**EXERCISE DIRECTIONS:**
From the records, pick out and copy each line containing "Style".

**DATA FOR PROCESSING:**
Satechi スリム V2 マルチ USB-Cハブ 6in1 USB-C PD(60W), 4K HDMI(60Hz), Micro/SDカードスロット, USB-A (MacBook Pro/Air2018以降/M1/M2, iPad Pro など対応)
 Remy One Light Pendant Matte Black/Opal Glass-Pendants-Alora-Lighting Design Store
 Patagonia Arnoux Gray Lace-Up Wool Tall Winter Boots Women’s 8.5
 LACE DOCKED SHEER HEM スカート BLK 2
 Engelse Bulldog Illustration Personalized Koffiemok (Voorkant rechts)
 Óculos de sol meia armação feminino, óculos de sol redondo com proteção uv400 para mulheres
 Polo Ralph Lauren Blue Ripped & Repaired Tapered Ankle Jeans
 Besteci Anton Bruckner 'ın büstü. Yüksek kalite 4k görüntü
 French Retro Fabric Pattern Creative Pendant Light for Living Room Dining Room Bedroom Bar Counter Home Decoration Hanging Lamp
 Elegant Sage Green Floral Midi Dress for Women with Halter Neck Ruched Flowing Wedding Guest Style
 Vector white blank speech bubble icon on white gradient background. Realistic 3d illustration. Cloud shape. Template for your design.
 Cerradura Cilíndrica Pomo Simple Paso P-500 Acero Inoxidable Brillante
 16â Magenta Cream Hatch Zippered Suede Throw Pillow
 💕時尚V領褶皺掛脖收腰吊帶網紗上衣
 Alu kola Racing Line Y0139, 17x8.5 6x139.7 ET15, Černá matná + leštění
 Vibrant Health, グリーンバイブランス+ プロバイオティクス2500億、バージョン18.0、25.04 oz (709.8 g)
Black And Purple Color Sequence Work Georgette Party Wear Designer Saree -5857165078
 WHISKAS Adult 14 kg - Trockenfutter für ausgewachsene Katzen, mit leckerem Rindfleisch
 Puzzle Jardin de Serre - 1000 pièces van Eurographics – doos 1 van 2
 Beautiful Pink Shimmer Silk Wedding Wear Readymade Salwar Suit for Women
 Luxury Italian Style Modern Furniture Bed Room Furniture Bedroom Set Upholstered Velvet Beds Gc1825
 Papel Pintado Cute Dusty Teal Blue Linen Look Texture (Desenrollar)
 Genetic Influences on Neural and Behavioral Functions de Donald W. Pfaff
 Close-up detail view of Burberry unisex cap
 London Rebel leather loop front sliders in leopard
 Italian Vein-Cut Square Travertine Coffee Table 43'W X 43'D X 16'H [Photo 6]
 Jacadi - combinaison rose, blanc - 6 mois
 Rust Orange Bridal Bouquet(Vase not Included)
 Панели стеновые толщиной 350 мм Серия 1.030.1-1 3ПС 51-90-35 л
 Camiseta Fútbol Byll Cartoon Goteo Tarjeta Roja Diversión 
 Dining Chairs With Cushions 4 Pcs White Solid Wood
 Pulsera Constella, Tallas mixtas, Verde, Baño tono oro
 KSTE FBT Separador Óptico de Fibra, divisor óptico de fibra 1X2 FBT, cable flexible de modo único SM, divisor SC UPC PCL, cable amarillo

**WRITTEN ANSWER:**
 Elegant Sage Green Floral Midi Dress for Women with Halter Neck Ruched Flowing Wedding Guest Style
 Luxury Italian Style Modern Furniture Bed Room Furniture Bedroom Set Upholstered Velvet Beds Gc1825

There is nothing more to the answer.